*Exercise details*
Each entry should be written out once more, exactly as given below.

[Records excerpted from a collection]
-------------------------

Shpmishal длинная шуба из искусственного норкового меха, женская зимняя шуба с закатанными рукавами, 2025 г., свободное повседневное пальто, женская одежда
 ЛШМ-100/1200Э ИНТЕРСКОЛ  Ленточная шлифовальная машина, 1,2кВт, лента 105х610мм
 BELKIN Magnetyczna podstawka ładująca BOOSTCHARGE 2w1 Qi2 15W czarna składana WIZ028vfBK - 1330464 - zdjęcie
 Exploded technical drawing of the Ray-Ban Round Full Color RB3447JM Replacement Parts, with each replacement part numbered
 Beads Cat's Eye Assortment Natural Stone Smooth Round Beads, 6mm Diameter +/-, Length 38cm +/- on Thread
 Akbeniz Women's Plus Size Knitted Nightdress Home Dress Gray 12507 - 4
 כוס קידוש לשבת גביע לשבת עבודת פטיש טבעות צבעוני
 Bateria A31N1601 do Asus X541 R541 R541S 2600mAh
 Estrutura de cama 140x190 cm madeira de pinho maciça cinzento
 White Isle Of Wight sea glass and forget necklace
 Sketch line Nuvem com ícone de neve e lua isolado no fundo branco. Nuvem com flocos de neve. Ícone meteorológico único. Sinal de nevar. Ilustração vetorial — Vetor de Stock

-------------------------

*Response to this exercise*
Shpmishal длинная шуба из искусственного норкового меха, женская зимняя шуба с закатанными рукавами, 2025 г., свободное повседневное пальто, женская одежда
 ЛШМ-100/1200Э ИНТЕРСКОЛ  Ленточная шлифовальная машина, 1,2кВт, лента 105х610мм
 BELKIN Magnetyczna podstawka ładująca BOOSTCHARGE 2w1 Qi2 15W czarna składana WIZ028vfBK - 1330464 - zdjęcie
 Exploded technical drawing of the Ray-Ban Round Full Color RB3447JM Replacement Parts, with each replacement part numbered
 Beads Cat's Eye Assortment Natural Stone Smooth Round Beads, 6mm Diameter +/-, Length 38cm +/- on Thread
 Akbeniz Women's Plus Size Knitted Nightdress Home Dress Gray 12507 - 4
 כוס קידוש לשבת גביע לשבת עבודת פטיש טבעות צבעוני
 Bateria A31N1601 do Asus X541 R541 R541S 2600mAh
 Estrutura de cama 140x190 cm madeira de pinho maciça cinzento
 White Isle Of Wight sea glass and forget necklace
 Sketch line Nuvem com ícone de neve e lua isolado no fundo branco. Nuvem com flocos de neve. Ícone meteorológico único. Sinal de nevar. Ilustração vetorial — Vetor de Stock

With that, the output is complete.